""" Get the dense/sparse features of movies using TMDB API """
import sys

sys.path.insert(0, "../")

import os
import json
import requests
import argparse
import numpy as np
import pandas as pd
from multi_threading import RunInParallel
from ganrl.commons.args import PARAMS


class TMDB:
    """ Example Response: See self.get_movie_info(movie_id=tmdbid)
    {
       "original_language":"en",
       "poster_path":"/uXDfjJbdP4ijW5hWSBrPrlKpxab.jpg",
       "video":false,
       "title":"Toy Story",
       "tagline":"",
       "runtime":81,
       "overview":"Led by Woody, Andy's toys live happily in his room until Andy's birthday brings Buzz Lightyear
                   onto the scene. Afraid of losing his place in Andy's heart, Woody plots against Buzz. But when
                   circumstances separate Buzz and Woody from their owner, the duo eventually learns to put aside
                   their differences.",
       "spoken_languages":[
          {
             "english_name":"English",
             "name":"English",
             "iso_639_1":"en"
          }
       ],
       "backdrop_path":"/3Rfvhy1Nl6sSGJwyjb0QiZzZYlB.jpg",
       "genres":[
          {
             "id":16,
             "name":"Animation"
          },
          {
             "id":12,
             "name":"Adventure"
          },
          {
             "id":10751,
             "name":"Family"
          },
          {
             "id":35,
             "name":"Comedy"
          }
       ],
       "belongs_to_collection":{
          "backdrop_path":"/9FBwqcd9IRruEDUrTdcaafOMKUq.jpg",
          "poster_path":"/7G9915LfUQ2lVfwMEEhDsn3kT4B.jpg",
          "id":10194,
          "name":"Toy Story Collection"
       },
       "status":"Released",
       "production_countries":[
          {
             "iso_3166_1":"US",
             "name":"United States of America"
          }
       ],
       "homepage":"http://toystory.disney.com/toy-story",
       "adult":false,
       "revenue":373554033,
       "budget":30000000,
       "release_date":"1995-10-30",
       "id":862,
       "production_companies":[
          {
             "logo_path":"/1TjvGVDMYsj6JBxOAkUHpPEwLf7.png",
             "origin_country":"US",
             "id":3,
             "name":"Pixar"
          }
       ],
       "imdb_id":"tt0114709",
       "original_title":"Toy Story",
       "vote_count":13611,
       "popularity":101.768,
       "vote_average":7.9
    }
    """

    def __init__(self, token):
        self.headers_ = {'Authorization': 'Bearer {}'.format(token), 'Content-Type': 'application/json;charset=utf-8'}
        self.base_url_ = 'https://api.themoviedb.org/3/'
        self.img_base_url_ = 'https://image.tmdb.org/t/p/w500'

    def _json_by_get_request(self, url, params={}):
        _cnt = 0
        status_code = 401
        while status_code != 200:
            res = requests.get(url, headers=self.headers_, params=params)
            status_code = res.status_code
            _cnt += 1
            if _cnt > 5: break
            # if status_code != 200: print(res)
        return json.loads(res.text), res.status_code

    def search_movies(self, query):
        params = {'query': query}
        url = '{}search/movie'.format(self.base_url_)
        return self._json_by_get_request(url, params)

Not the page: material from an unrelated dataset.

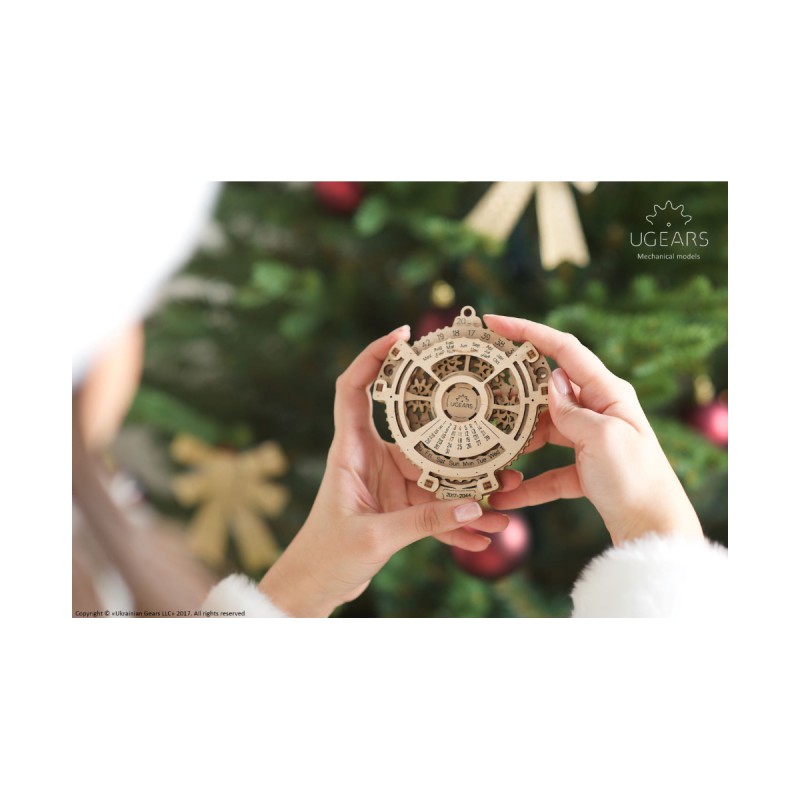 3D Пъзел Ugears Глобус-3Д модел-Дърво&nbsp;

    def get_movie_info(self, movie_id):
        url = '{}movie/{}'.format(self.base_url_, movie_id)
        return self._json_by_get_request(url)

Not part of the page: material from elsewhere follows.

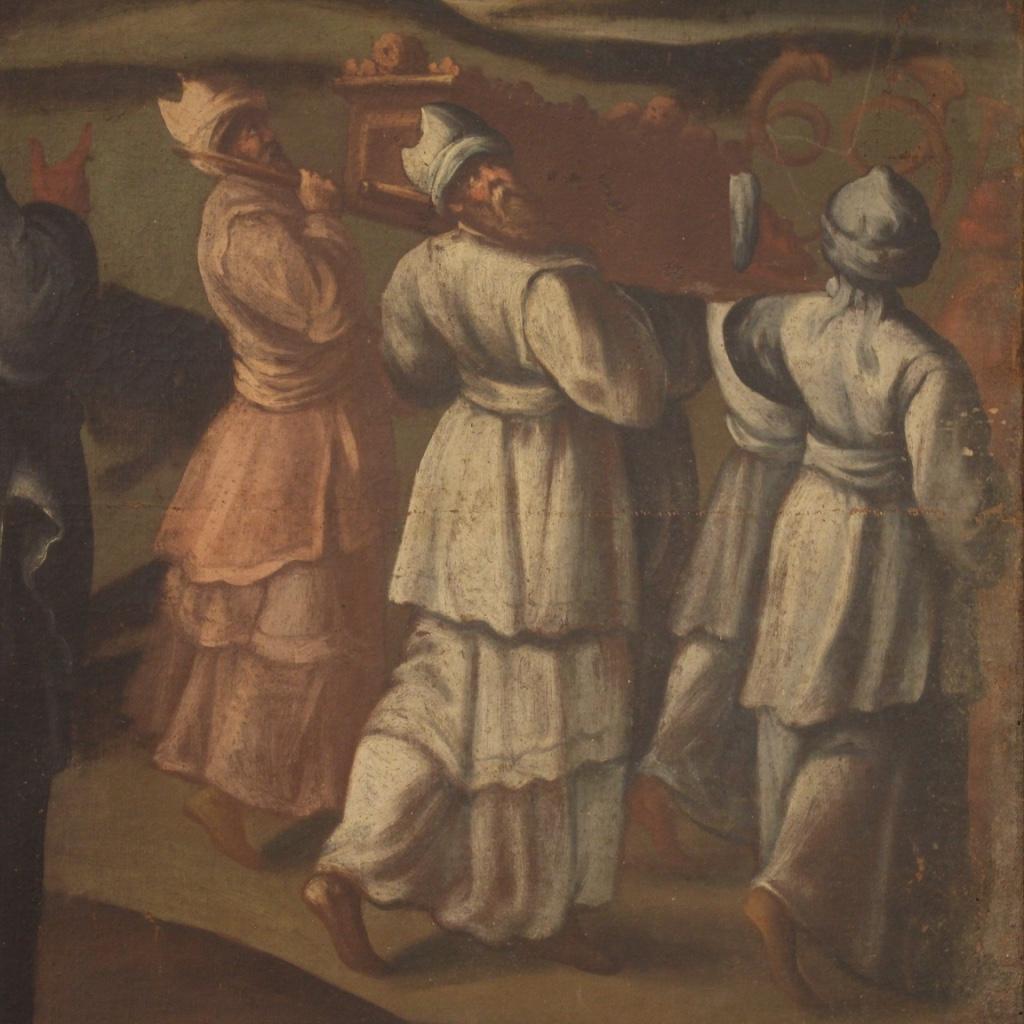 óleo sobre lienzo del siglo XVIII Pintura antigua italiana, 1720 en venta 3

    def get_movie_genre_list(self):
        """ https://developers.themoviedb.org/3/genres/get-movie-list """
        url = '{}/genre/movie/list'.format(self.base_url_)
        res, status_code = self._json_by_get_request(url)
        return res["genres"]

    def get_genre_master(self):
        res = self.get_movie_genre_list()
        return {genre_info["name"]: key for key, genre_info in enumerate(res)}

    def get_movie_feature(self, movie_id, dict_genre_master):
        num_movies = max(dict_genre_master.values())
        res, status_code = self.get_movie_info(movie_id=movie_id)
        if (status_code == 200) and len(res["genres"]):  # sometimes a movie doesn't have any associated genre
            _genre_one_hot = list()
            for genre_info in res["genres"]:
                genre_id = dict_genre_master[genre_info["name"]]
                _genre_one_hot.append(np.eye(num_movies + 1)[genre_id, :])
            _sparse_f = np.sum(_genre_one_hot, axis=0)
            _dense_f = [res[key] * 1.0 for key in PARAMS.GET_MOVIE_FEATURES_DENSE_COL]
            _release_date = res["release_date"]
        else:
            _sparse_f = np.zeros(num_movies + 1)
            _dense_f = [0.0 for _ in PARAMS.GET_MOVIE_FEATURES_DENSE_COL]
            _release_date = None
        return np.asarray(_sparse_f, dtype=np.float), np.asarray(_dense_f, dtype=np.float), _release_date


if __name__ == '__main__':
    parser = argparse.ArgumentParser()
    parser.add_argument('--pp_num_threads', type=int, default=6, help='num of threads')
    args = parser.parse_args()

    # Get the API key: https://www.themoviedb.org/settings/api
    # Set the env var in advance!!
    TOKEN = "eyJhbGciOiJIUzI1NiJ9.eyJhdWQiOiJiNDE0NDIzOTJiOWE0MGU4MTRhNTY1YzMxYTQ3NjZjYyIsInN1YiI6IjYwMWI1OTJkMjgzZWQ5MDA0MGU1NmQwMyIsInNjb3BlcyI6WyJhcGlfcmVhZCJdLCJ2ZXJzaW9uIjoxfQ.golMLytLsx300LipjdsOQ1PhSRQkkSHLeNfbjZFoFe4"
    # TOKEN = os.getenv("TOKEN", None)
    api = TMDB(token=TOKEN)

    dict_genre_master = api.get_genre_master()
    print(dict_genre_master)

    df_links = pd.read_csv("../ml-latest-small/links.csv")
    list_df_links = np.array_split(df_links, args.pp_num_threads)


    def _fn(_df):
        dict_sparse_f, dict_dense_f, dict_release_date = dict(), dict(), dict()
        for row in _df.iterrows():
            sparse_f, dense_f, release_date = api.get_movie_feature(movie_id=row[1]["tmdbId"],
                                                                    dict_genre_master=dict_genre_master)
            dict_sparse_f[int(row[1]["itemId"])] = sparse_f
            dict_dense_f[int(row[1]["itemId"])] = dense_f
            dict_release_date[int(row[1]["itemId"])] = release_date
        return dict_sparse_f, dict_dense_f, dict_release_date


    from functools import partial

    fns = [partial(_fn, _df=list_df_links[i]) for i in range(len(list_df_links))]
    result = RunInParallel(fns=fns)

    for i, k in enumerate(sorted(result.keys())):
        dict_sparse_f, dict_dense_f, dict_release_date = result[k]
        if i == 0:
            df_sparse = pd.DataFrame(dict_sparse_f.items(), columns=["itemId", "sparse_f"])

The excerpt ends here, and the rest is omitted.